Maine Gov. Janet Mills has enacted a bill making her state the first to ban single-use food and drink containers made from polystyrene foam.
The legislation, which Mills signed into law Tuesday, will take effect in 2021. It prohibits so-called "covered establishments" — like restaurants and grocery stores — from using the containers. Exempted are hospitals, seafood shippers and state-funded meals-on-wheels programs.
Mills, a Democrat, called the new law an "important step forward in protecting our environment." The governor said it creates consistency for businesses while providing time to adjust.
Environmental groups have sought such bans amid rising public awareness of throwaway plastic accumulating in the oceans.
"With the threats posed by plastic pollution becoming more apparent, costly, and even deadly to wildlife, we need to be doing everything possible to limit our use and better manage our single-use plastics — starting with eliminating the use of unnecessary forms like plastic foam," said Sarah Lakeman, Sustainable Maine director at the Natural Resources Council of Maine.

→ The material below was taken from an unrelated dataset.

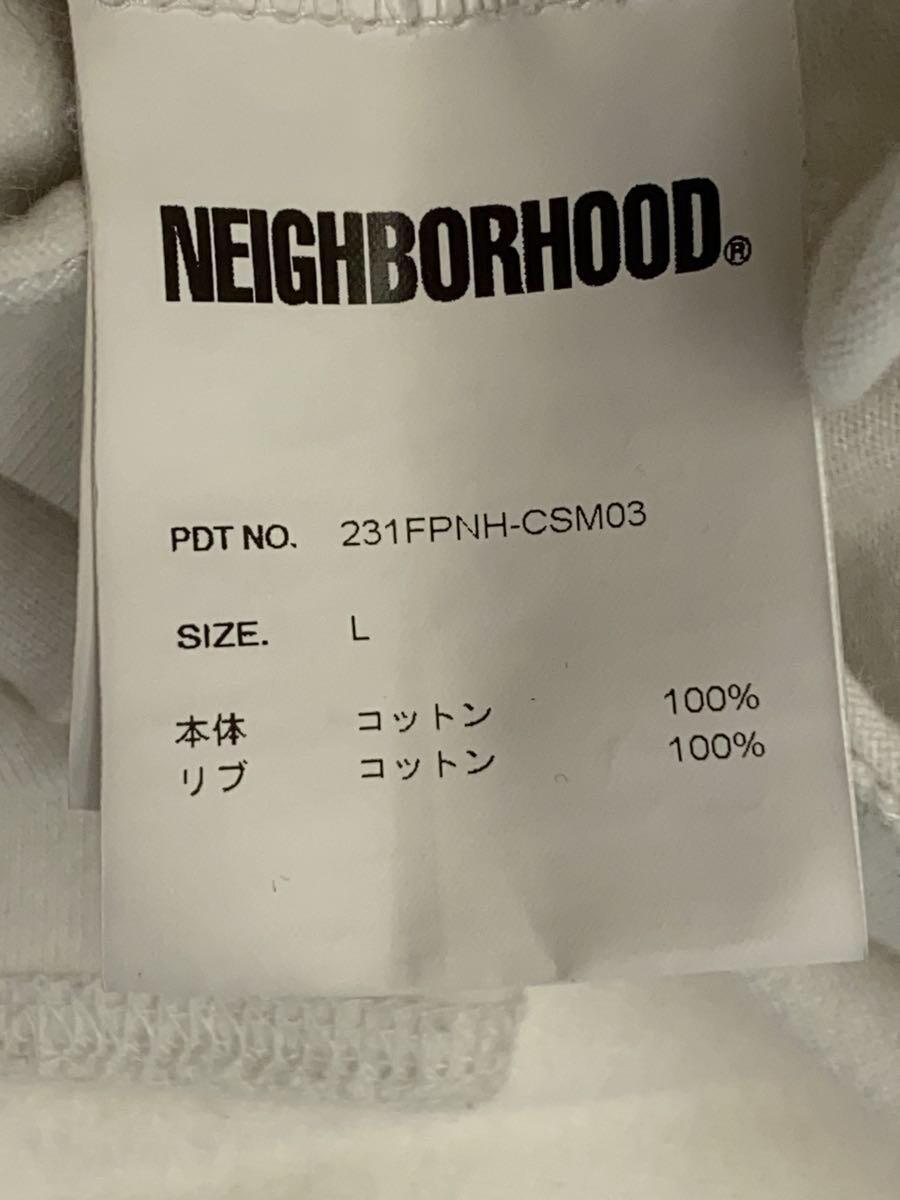 NEIGHBORHOOD◆長袖Tシャツ/L/コットン/WHT/231FPNH-CSM03_画像4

Similar legislation passed Maryland's Legislature in April, but it's unclear whether that state's Republican governor, Larry Hogan, will sign it. Oregon, Vermont and Connecticut are also considering banning the containers, and dozens of communities from Berkeley, Calif., to New York City have passed their own bans, some of which date back to the late 1980s.
Maine has banned foam food containers at state facilities and functions since 1993 and some communities in the state had already banned polystyrene.

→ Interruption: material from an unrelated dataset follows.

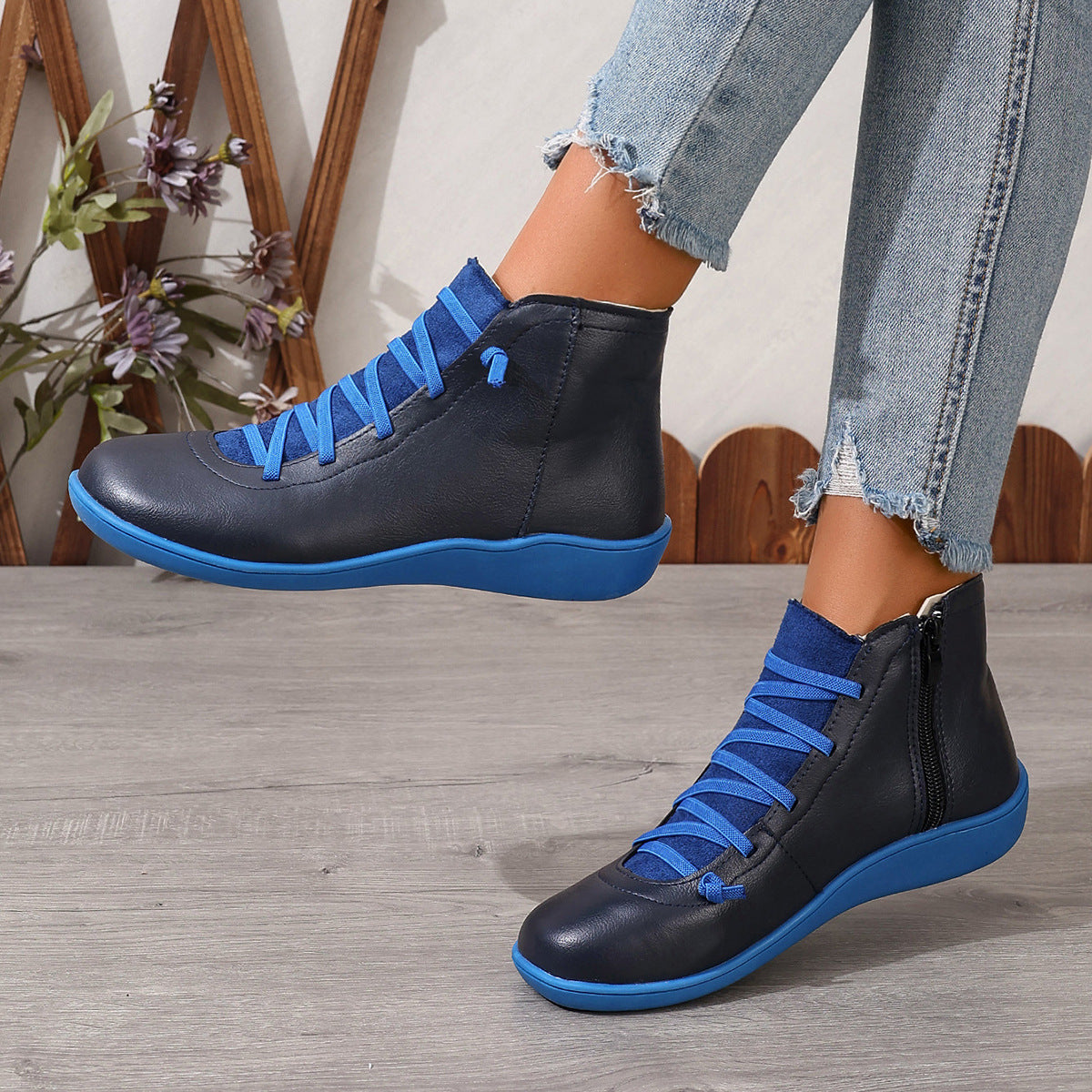 2024  wishes European and American  boots autumn and winter new women's boots large size British Martin boots casual short boots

The legislation faced strong opposition from the plastics industry, food service container manufacturers and Maine business and tourism groups, which argued that polystyrene is economical and better than other materials at keeping food from spoiling.
"It is our sincere hope that Governor Mills and the Maine Legislature will reconsider this legislation next year after they see how it will negatively impact the environment and local businesses and consumers," said Omar Terrie, a director in the American Chemistry Council's plastics division.
The plastics industry also says it's taking voluntary steps to make plastic packaging reusable, recyclable or recoverable by 2030. Several companies, such as Dunkin' and McDonald's, have eliminated foam cups or pledged to do so.
Maine State Chamber of Commerce lobbyist Ben Gilman said the bill would raise costs for small businesses while sending a "chilling message" to companies in the state that manufacture food service containers.
"These types of issues are better dealt with on a regional or national basis due to unbalanced cost impact it will have on Maine businesses," he said in written testimony.